# [Requirement]
Your copy of the listing must be exact and must hold no images.

# [Dataset section]
================

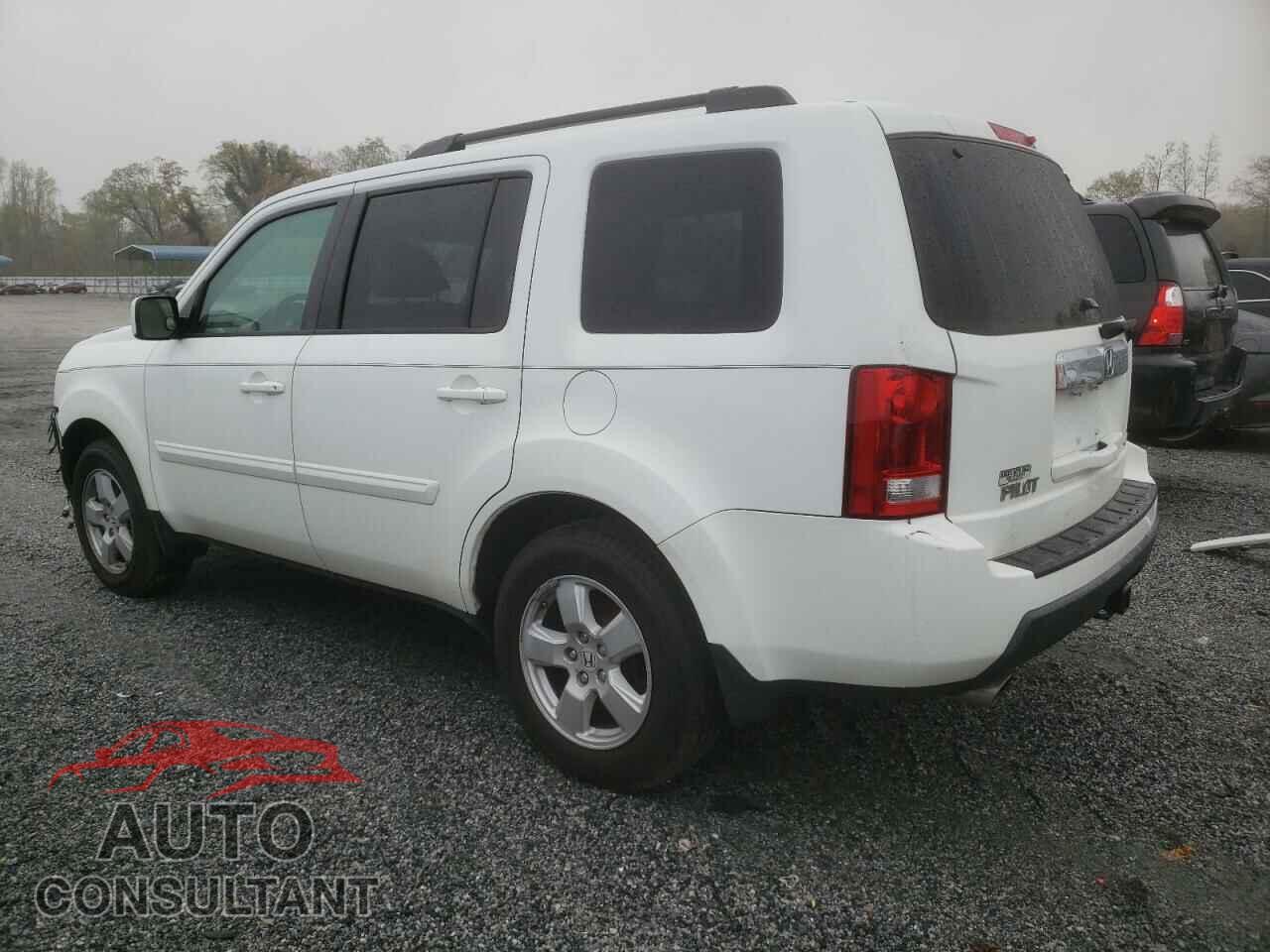 HONDA PILOT 2011 - 5FNYF4H56BB031816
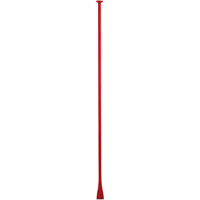 Post Hole Digging - Tamper Bar, 3-1/2" Width, 69" Length Pryde Industrial Inc.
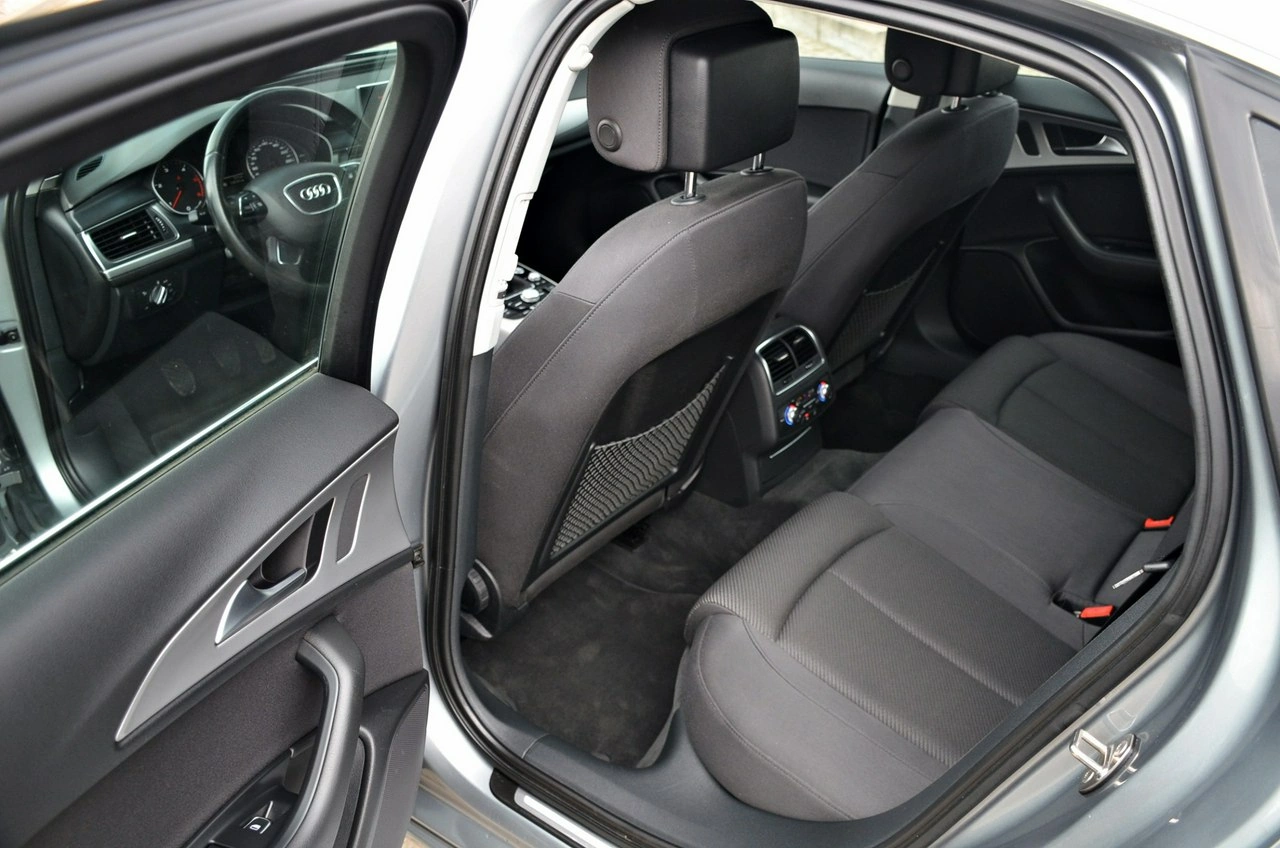 Audi A6 - Zdjęcie 22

================

# [Written answer]
 HONDA PILOT 2011 - 5FNYF4H56BB031816
 Post Hole Digging - Tamper Bar, 3-1/2" Width, 69" Length Pryde Industrial Inc.
 Audi A6 - Zdjęcie 22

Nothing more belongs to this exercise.